When the line containing "2012 TOYOTA YARIS LE" is found in the data below, copy it and each line after it through the line containing "نجار .تجهيز محلات", exactly and with no others.

Given entries:
•••

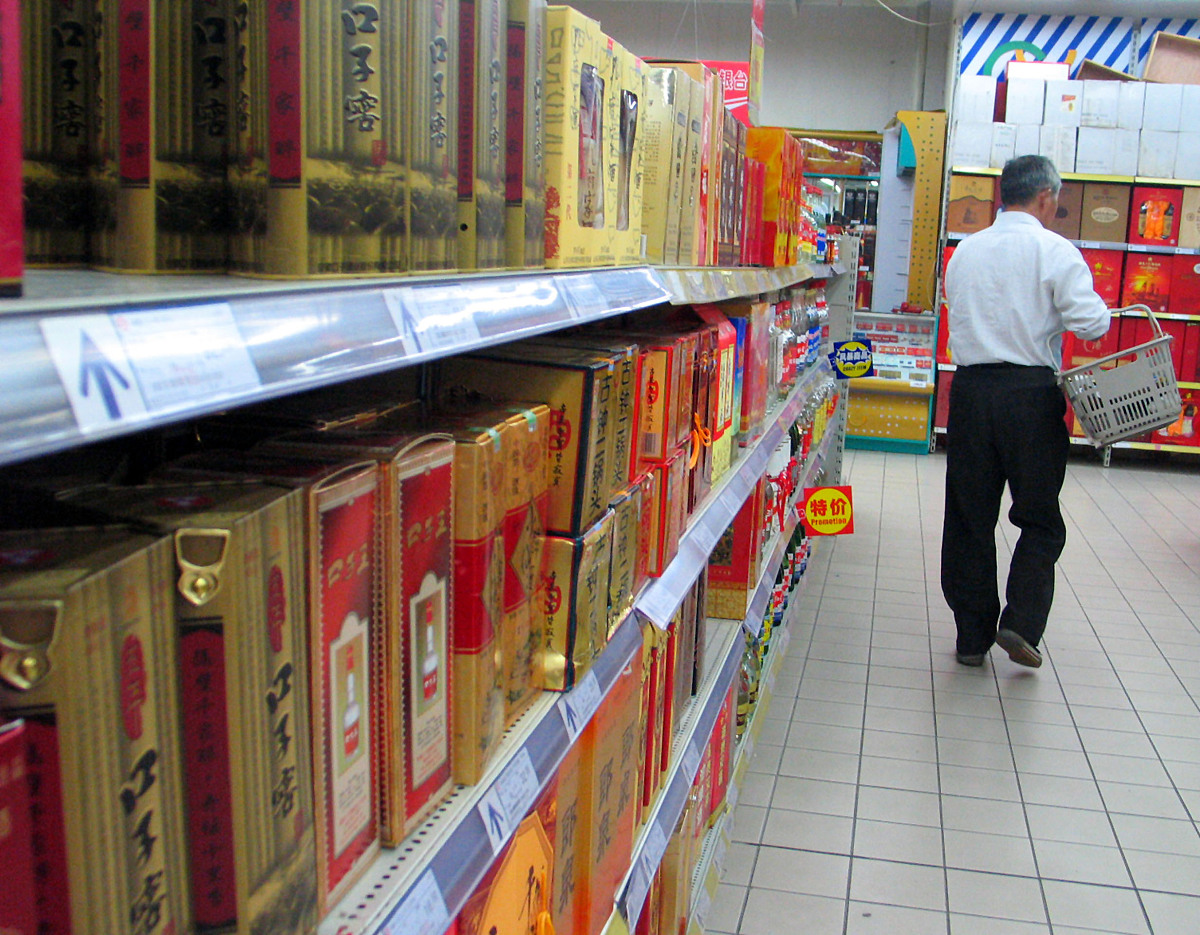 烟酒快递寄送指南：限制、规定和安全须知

•••

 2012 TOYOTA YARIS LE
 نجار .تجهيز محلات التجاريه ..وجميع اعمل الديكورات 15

•••

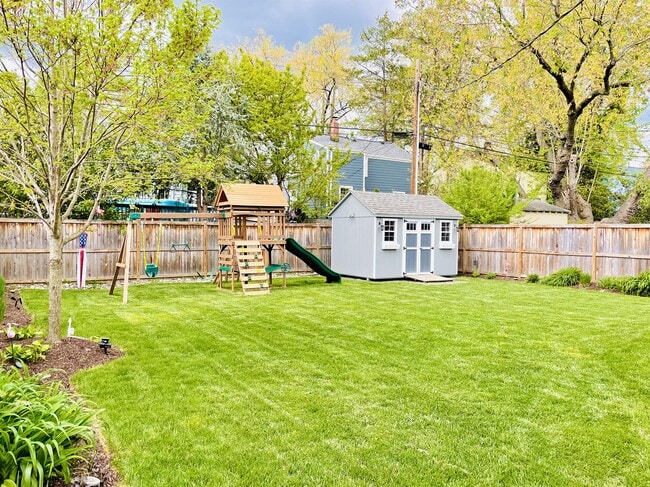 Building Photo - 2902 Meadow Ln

•••

Task output:
 2012 TOYOTA YARIS LE
 نجار .تجهيز محلات التجاريه ..وجميع اعمل الديكورات 15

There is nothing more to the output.